Creating such a super record presents the problem of knowing which records in the various directories to combine together. Metadirectories copy the information from the underlying directories into a local store, effectively doing a join of the data in the various directory records. The join is done using a pre-identified mapping between unique identifiers in the underlying stores, called the join point. Each directory aggregated by the metadirectory is connected to the metadirectory though a channel called a namespace connector that manages the link. Each connector can be individually configured to filter attributes as desired.
One of the most difficult tasks in creating a metadirectory is eliminating namespace conflicts between the various directories being aggregated and providing a mapping between the metadirectory namespace and the underlying namespaces. More abstract, but just as important, is the problem of mapping schemas from the underlying directories to the metadirectory so that attributes are meaningfully integrated.

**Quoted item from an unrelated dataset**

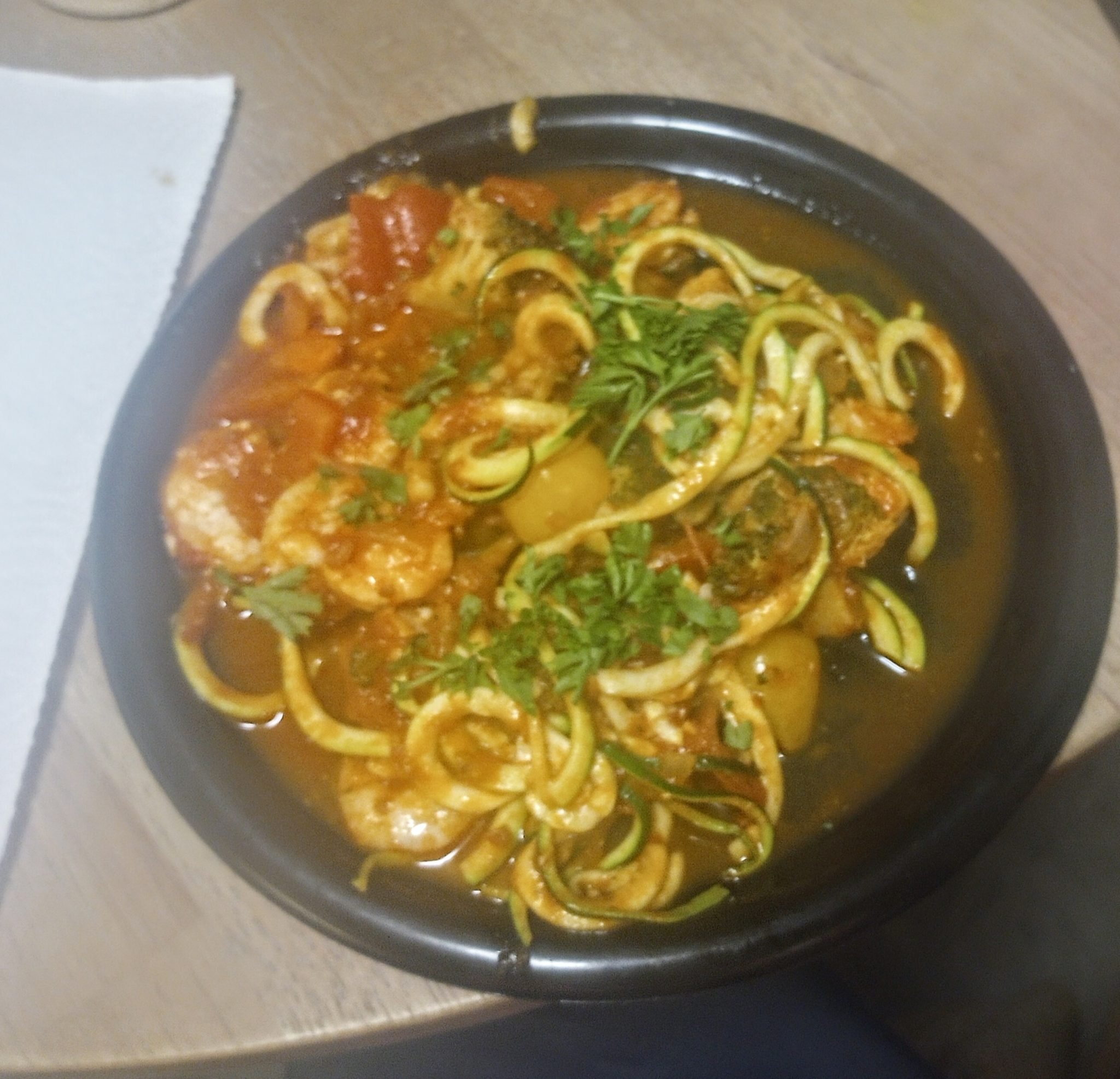 A bowl of shrimp and vegetable noodle soup topped with chopped herbs on a wooden table.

Another significant problem is one of data synchronization. When implementing the metadirectory, choices must be made about where data can be modified. The data could be writable only at the directory level, only at the metadirectory level, or at both levels. Clearly which strategy is chosen depends on the application, but when data can be changed at the directory and metadirectory levels, synchronization becomes significantly more complex.
When data can be modified at the metadirectory level, complex authorization schemes may be needed to ensure that information owners can modify only their own data. In the example in Figure 9-4, only designated HR department representatives would be able to update those attributes that flow from the HR directory and similarly for Payroll representatives.

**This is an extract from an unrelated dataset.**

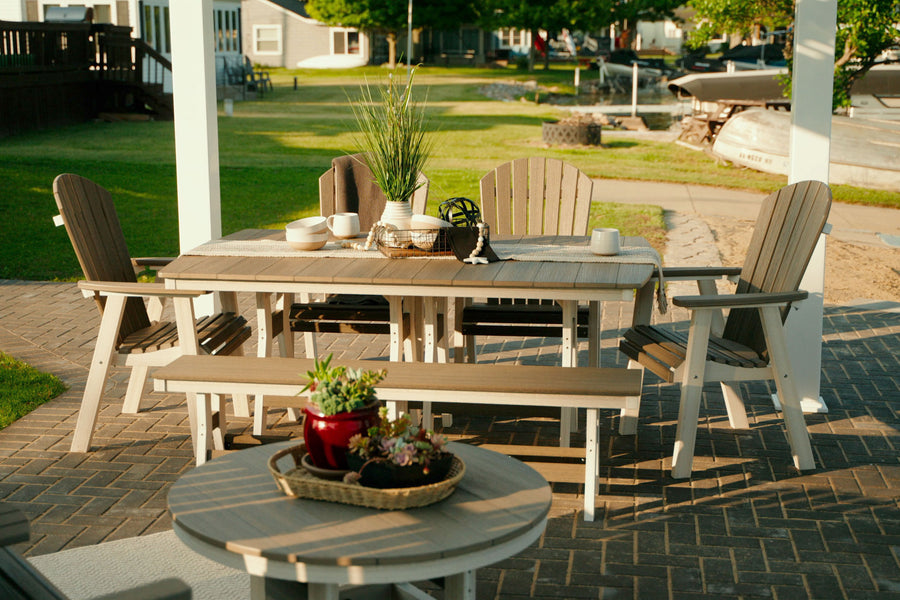 Poly Outdoor Furniture on a lake home patio. Outdoor table with bench and chairs, rockers, and coffee table.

Because metadirectories can synchronize data bidirectionally, they can be used to populate one directory with attributes from another directory. They can even perform a data-cleansing function, allowing attributes to be validated and then pushed back down to the underlying identity store.

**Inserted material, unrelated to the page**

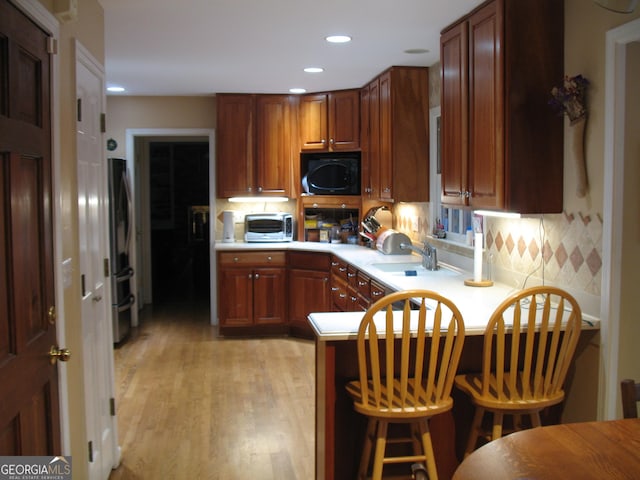 4098 Nancy Creek Way NE, Brookhaven, GA 30319 - kitchen with a peninsula, light countertops, tasteful backsplash, light wood-style flooring, and a kitchen breakfast bar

Virtual directories are similar in concept to metadirectories in that they create a single directory view from multiple independent directories. They differ in the means used to accomplish this goal. Whereas metadirectories typically use software agents to replicate and synchronize data from various directories in what might be thought of as batch processes, virtual directories create a single view of multiple directories using real-time queries based on mappings from fields in the virtual schema to fields in the physical schemas of the real directories.
Another way of looking at the difference is that metadirectories have an associated data store where the directory information from the other directories is kept; virtual directories have no separate data store. They work by turning a single query to the virtual directory into multiple queries to the physical directories and then aggregating the returned results in real time to create the result given to the user. Eliminating the identity store means that virtual directories also eliminate the problems related to data synchronization and replication.
In this way, virtual directories present a real-time interface to underlying identity data. Queries and updates happen in real time and are reflected to other applications using the data, either from the virtual directory or the underlying stores. Typically, the interface to the virtual directory is LDAP. Like a metadirectory, the connections from the virtual directory to the underlying stores could use any of a number of protocols. As a result, the virtual directory creates a standard view of the data using a standard API.
Virtual directories are used typically in cases where real-time access to frequently changing identity data is important.